On Tuesday, Mayor Johnson pitched her idea to members of the Murfreesboro Beautification Commission (MBC) and they voted 3-1 to recommend to the Council to allow the mural to be painted.
However, Johnson’s commission of the mural does not come without controversy as work had already begun on the project without approval by MBC and council members.
At their last meeting held on Feb. 10, council members were informed of the Mayor’s desire to have the mural painted in the Murfree Center, a town-owned building often rented out for private and public events.
Meanwhile, work on the mural by artist Martha McDuffie Gibson had already started without the project going before the sanctioned governing bodies.
During her report to council in the Feb. 10 meeting, Johnson said she had a commissioned a mural to be painted.
She showed council members and those in the audience alike a rendering of the mural, a garden-like scene with a gazebo in the background.
The mural would be painted on the far back wall of the center, in the alcove near the kitchen.
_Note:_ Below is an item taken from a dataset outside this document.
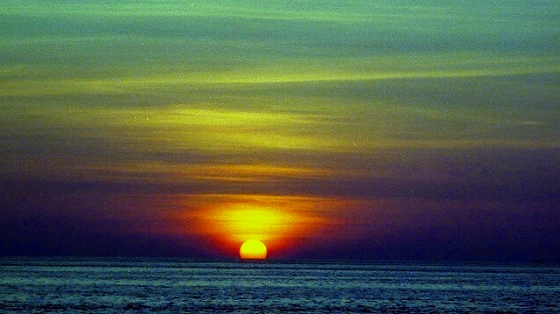アンダマン海に沈む夕日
Johnson said two lights would be positioned to illuminate the mural.
While no town funds would be used to pay for the mural (Johnson would pay for the work), council members noted the project would have to go through the proper channels; first to the MBC and then to council.
“Do we want anything on the walls when different people use the center” asked Council member Gloria Odum.
Mayor Pro-tem Molly Eubank suggested the project go before the MBC.
MBC Chairperson Berna Stephens, who was in attendance at the council meeting, agreed to place the item on the commission’s Feb. 17 agenda.
Odum noted Johnson had done great things in the past, but she was uneasy about the mayor doing what she wanted with the Murfree Center.
“I’m concerned about that…because we (council) are the custodians of that building,” she said to Johnson. “I’m uncomfortable giving that authority to the mayor (in general), and that’s not just you.”
At Tuesday’s MBC meeting, Johnson, joined by Gibson presented the project to commission members, including Stephens, Walter Thomas, Craig Daniel, Lillie Owens-White and Betty Liverman.
Johnson noted how murals often made towns a destination spot.
“There are towns that have tours,” she said. “It was something that brought people to town.”
Gibson noted art displayed around town could attract businesses that, according to her, look for history, art and culture elements within communities.
Gibson is well-known for her work in the area. In Virginia she has worked on numerous projects for municipalities, including Franklin and Norfolk.
Johnson noted in her presentation she had previously been given the authority to decorate the Murfree Center and that authority had been given in open session and closed session.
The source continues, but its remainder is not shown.